40.14[20] Paperwork Reduction Act Defense
The Paperwork Reduction Act of 1980, 44 U.S.C. § 3501 et
seq. ("PRA"), was enacted to limit federal agencies' information
requests that burden the public. The "Public Protection" provision
of the PRA states that no person "shall be subject to any penalty for
failing to maintain or provide information to any agency if the information
collection request involved does not display a current control number assigned
by the Office of Management and Budget [OMB] Director." 44 U.S.C. § 3512.
Protestors claim that they cannot be penalized for failing to file Form 1040
because the instructions and regulations associated with the Form 1040 do not
display any OMB control number. This argument has been uniformly rejected on
different theories. Some courts have simply noted that the PRA applies to the
forms themselves, not to the instruction booklets, and since the Form 1040
does have a control number, there is no PRA violation. See United States
v. Wunder, 919 F.2d 34, 38 (6th Cir. 1990); Salberg v. United
States, 969 F.2d 379, 383-84 (7th Cir. 1992); United States v.
Holden, 963 F.2d 1114, 1116 (8th Cir.), cert. denied, 113 S.

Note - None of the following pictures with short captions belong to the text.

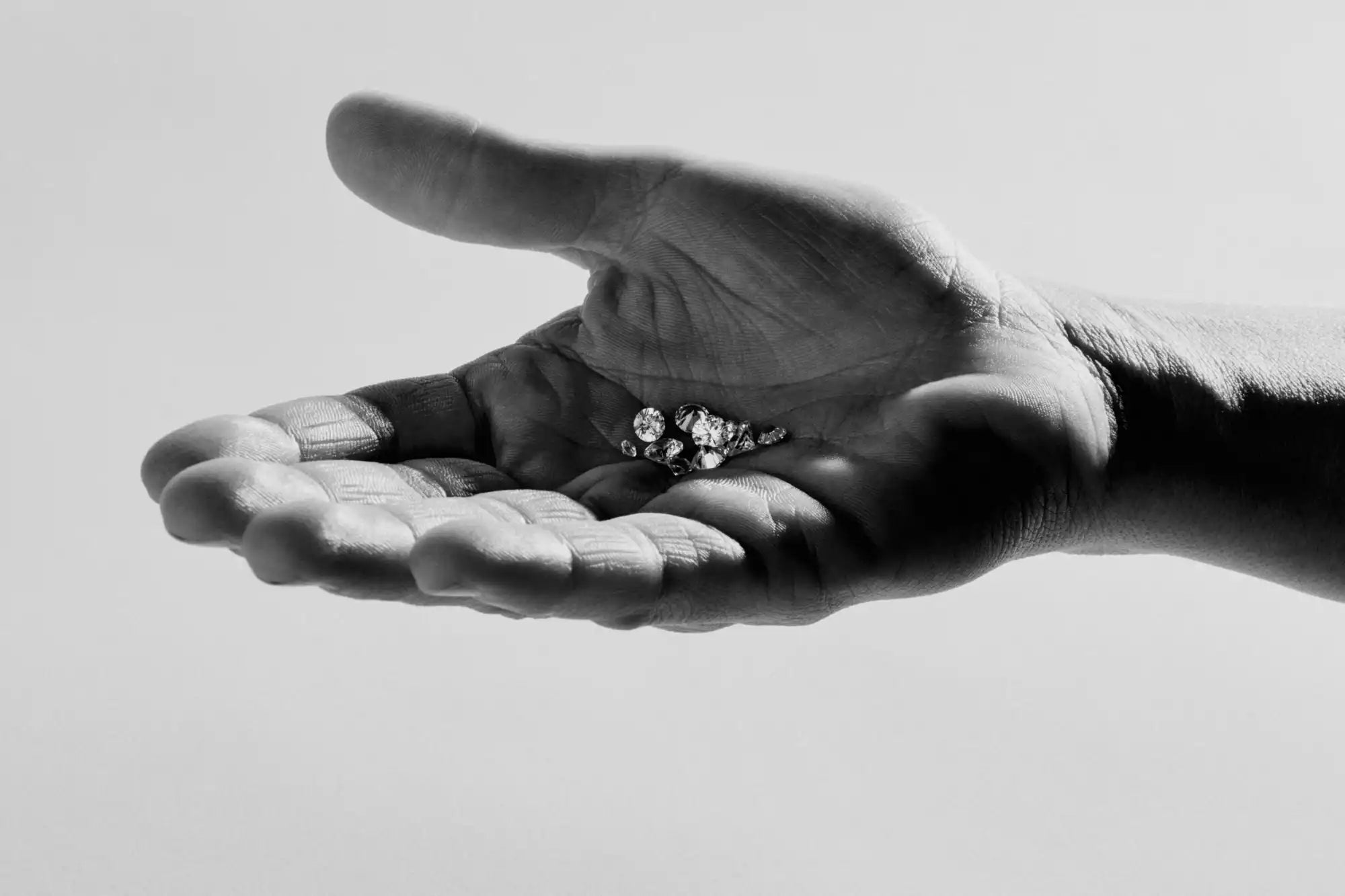 Hand holding a diamond ring.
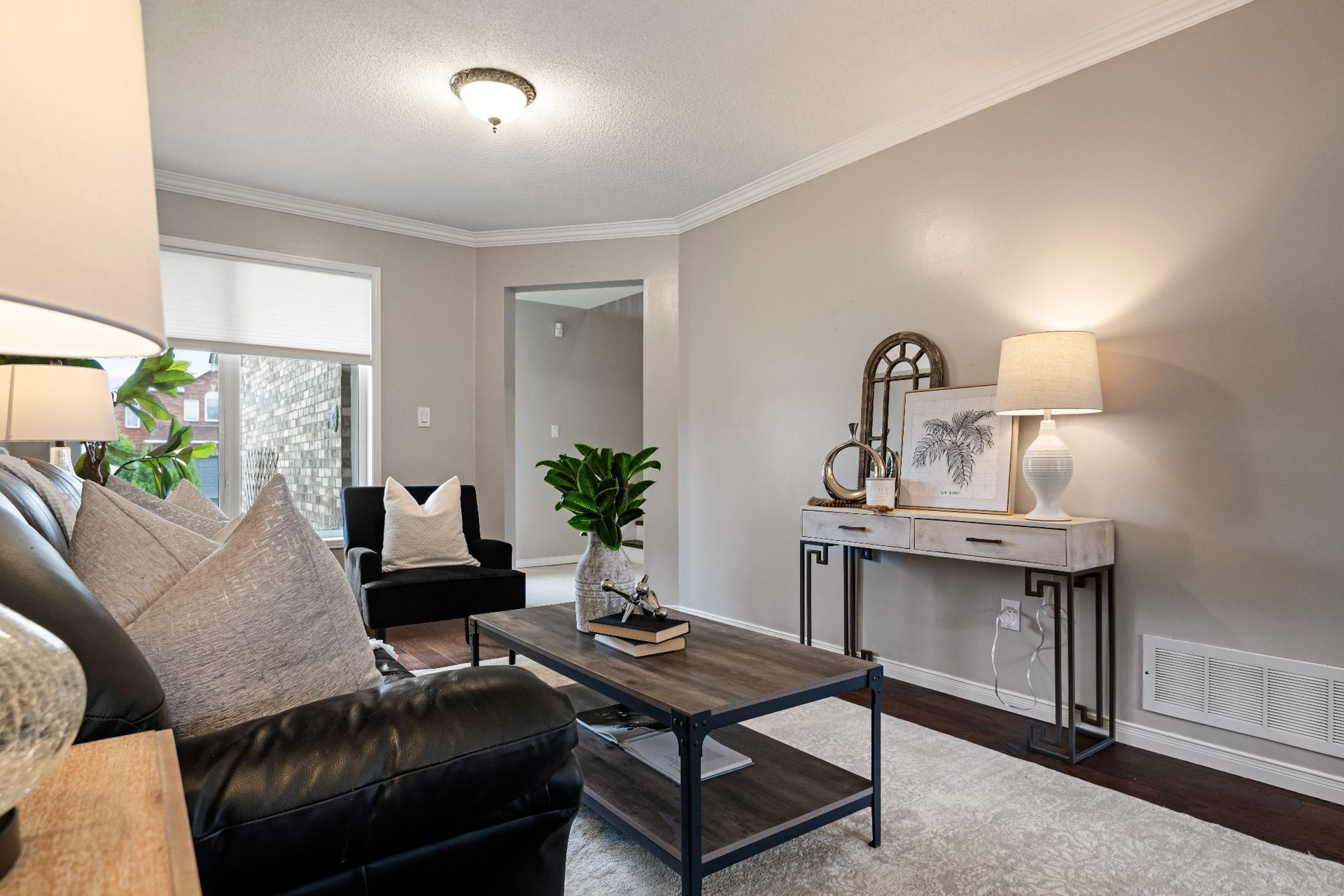 A living room with a couch , coffee table , and lamps.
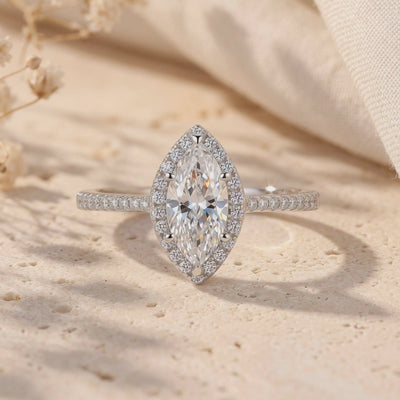 Front close-up of a silver marquise halo ring with a clear center gem on a textured stone surface.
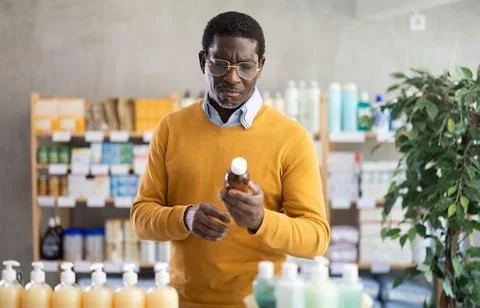 Middle-aged man examining bottle of fever-reducing syrup in pharmacy Stock Photos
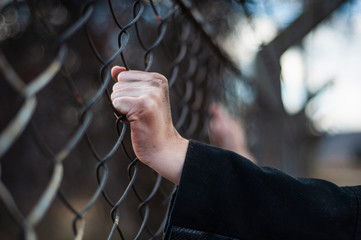 The migrant is holding his hands behind the protective fence
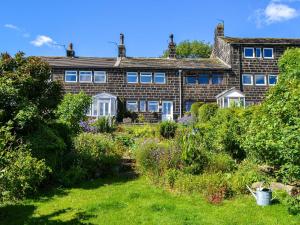 a house with a garden in front of it at Club House in Hebden Bridge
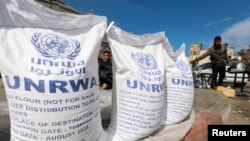 Pengungsi Palestina menunggu untuk menerima bantuan Badan Bantuan dan Pekerjaan PBB (UNRWA), di tengah konflik yang sedang berlangsung antara Israel dan kelompok Islam Palestina Hamas, di Rafah, di selatan Jalur Gaza, 7 Maret 2024. (Foto: REUTERS/Mohammed Salem )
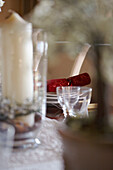 Red Christmas cracker and glassware on tabletop
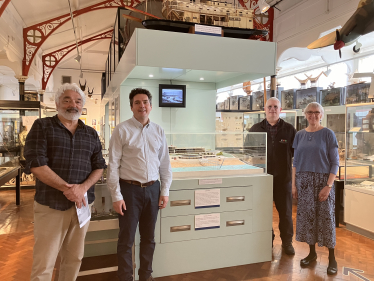 Huw standing in Bexhill Museum in front of model of De La Warr Pavilion with Rohan, Sally and Julian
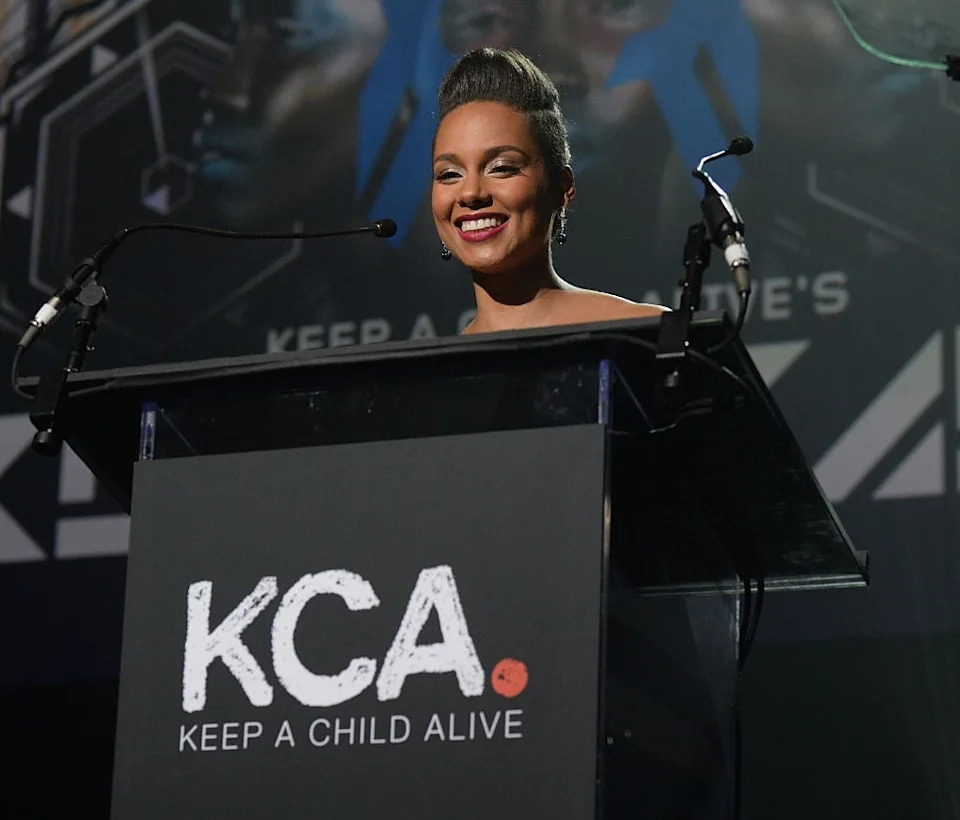 Person smiling at a podium with "Keep a Child Alive" text, likely at a fundraising or charity event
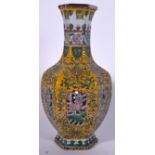 A CHINESE YELLOW GROUND PORCELAIN RETICULATED VASE, decorated with extensive foliage and bearing Qi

Ct. 419 (1992); United States v. Dawes, 951 F.2d 1189, 1191-93
(10th Cir. 1991). Other courts have held that Congress created the duty to
file returns in 26 U.S.C. § 6012(a) and "Congress did not enact the
PRA's public protection provision to allow OMB to abrogate any duty imposed
by Congress." United States v. Neff, 954 F.2d 698, 699 (11th
Cir. 1992). See also United States v. Kerwin, 945 F.2d 92 (5th
Cir. 1991) (per curiam) (defendant was convicted under statutory requirement
that he file return and since statute is not an information request, there
is no violation of the PRA); United States v. Bentson, 947 F.2d
1353, 1355 (9th Cir. 1991), cert. denied, 112 S. Ct. 2310 (1992) (defendant
convicted of violating a statute requiring him to file, not a regulation lacking
OMB number).
40.14[21] Admissibility of IRS Computer Records
Computer data evidence is often introduced in tax cases to prove that the
defendant did not file returns as required. Protestors often challenge such
evidence and courts routinely reject such challenges. These records may be
admitted under Federal Rule of Evidence 803(10) as certificates of lack of
official records. See United States v. Bowers, 920 F.2d 220,
223 (4th Cir. 1990); United States v. Spine, 945 F.2d 143, 149
(6th Cir. 1991); United States v. Ryan, 969 F.2d 238, 240 (7th
Cir. 1992). Such records may be self-authenticating under Rule 902 if under
seal or they may be authenticated by an IRS employee. No showing of the accuracy
of the computer system needs to be made to introduce the documents. Ryan,
969 F.2d at 240.
The introduction of the actual transcript of account through a witness can
open the witness to cross-examination by the defense about every code and piece
of information contained in the transcript. In order to avoid this problem,
it may be wiser to simply offer the testimony of the IRS employee that a records
search was conducted and it was revealed that no return was filed.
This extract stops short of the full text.